◆ What the task requires ◆
Retype all of the entries that appear below, keeping them exactly as they are.

(Dataset extract begins)

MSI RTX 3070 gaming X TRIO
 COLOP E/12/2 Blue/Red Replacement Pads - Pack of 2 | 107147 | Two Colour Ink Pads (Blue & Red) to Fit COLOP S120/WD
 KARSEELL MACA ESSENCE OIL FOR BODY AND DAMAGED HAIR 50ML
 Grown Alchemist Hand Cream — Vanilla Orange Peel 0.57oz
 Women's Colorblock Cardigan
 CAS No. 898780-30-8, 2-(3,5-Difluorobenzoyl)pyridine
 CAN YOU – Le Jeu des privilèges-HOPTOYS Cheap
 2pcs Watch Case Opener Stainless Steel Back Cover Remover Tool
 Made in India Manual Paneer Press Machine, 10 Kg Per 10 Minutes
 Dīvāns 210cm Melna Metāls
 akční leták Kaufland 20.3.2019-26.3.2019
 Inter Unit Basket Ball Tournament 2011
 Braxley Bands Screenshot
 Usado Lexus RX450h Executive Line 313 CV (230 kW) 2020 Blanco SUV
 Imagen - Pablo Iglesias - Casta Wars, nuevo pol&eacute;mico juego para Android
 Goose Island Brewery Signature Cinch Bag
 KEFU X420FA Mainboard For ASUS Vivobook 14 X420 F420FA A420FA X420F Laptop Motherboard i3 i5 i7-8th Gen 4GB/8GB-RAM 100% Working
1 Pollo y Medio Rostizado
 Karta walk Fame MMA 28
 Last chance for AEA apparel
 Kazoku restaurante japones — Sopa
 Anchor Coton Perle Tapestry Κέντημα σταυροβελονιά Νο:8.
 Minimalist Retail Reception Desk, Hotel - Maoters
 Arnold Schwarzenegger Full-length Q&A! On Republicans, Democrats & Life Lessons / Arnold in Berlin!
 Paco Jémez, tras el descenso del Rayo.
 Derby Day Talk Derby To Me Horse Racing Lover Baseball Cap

(Dataset extract ends)

◆ Final answer ◆
MSI RTX 3070 gaming X TRIO
 COLOP E/12/2 Blue/Red Replacement Pads - Pack of 2 | 107147 | Two Colour Ink Pads (Blue & Red) to Fit COLOP S120/WD
 KARSEELL MACA ESSENCE OIL FOR BODY AND DAMAGED HAIR 50ML
 Grown Alchemist Hand Cream — Vanilla Orange Peel 0.57oz
 Women's Colorblock Cardigan
 CAS No. 898780-30-8, 2-(3,5-Difluorobenzoyl)pyridine
 CAN YOU – Le Jeu des privilèges-HOPTOYS Cheap
 2pcs Watch Case Opener Stainless Steel Back Cover Remover Tool
 Made in India Manual Paneer Press Machine, 10 Kg Per 10 Minutes
 Dīvāns 210cm Melna Metāls
 akční leták Kaufland 20.3.2019-26.3.2019
 Inter Unit Basket Ball Tournament 2011
 Braxley Bands Screenshot
 Usado Lexus RX450h Executive Line 313 CV (230 kW) 2020 Blanco SUV
 Imagen - Pablo Iglesias - Casta Wars, nuevo pol&eacute;mico juego para Android
 Goose Island Brewery Signature Cinch Bag
 KEFU X420FA Mainboard For ASUS Vivobook 14 X420 F420FA A420FA X420F Laptop Motherboard i3 i5 i7-8th Gen 4GB/8GB-RAM 100% Working
1 Pollo y Medio Rostizado
 Karta walk Fame MMA 28
 Last chance for AEA apparel
 Kazoku restaurante japones — Sopa
 Anchor Coton Perle Tapestry Κέντημα σταυροβελονιά Νο:8.
 Minimalist Retail Reception Desk, Hotel - Maoters
 Arnold Schwarzenegger Full-length Q&A! On Republicans, Democrats & Life Lessons / Arnold in Berlin!
 Paco Jémez, tras el descenso del Rayo.
 Derby Day Talk Derby To Me Horse Racing Lover Baseball Cap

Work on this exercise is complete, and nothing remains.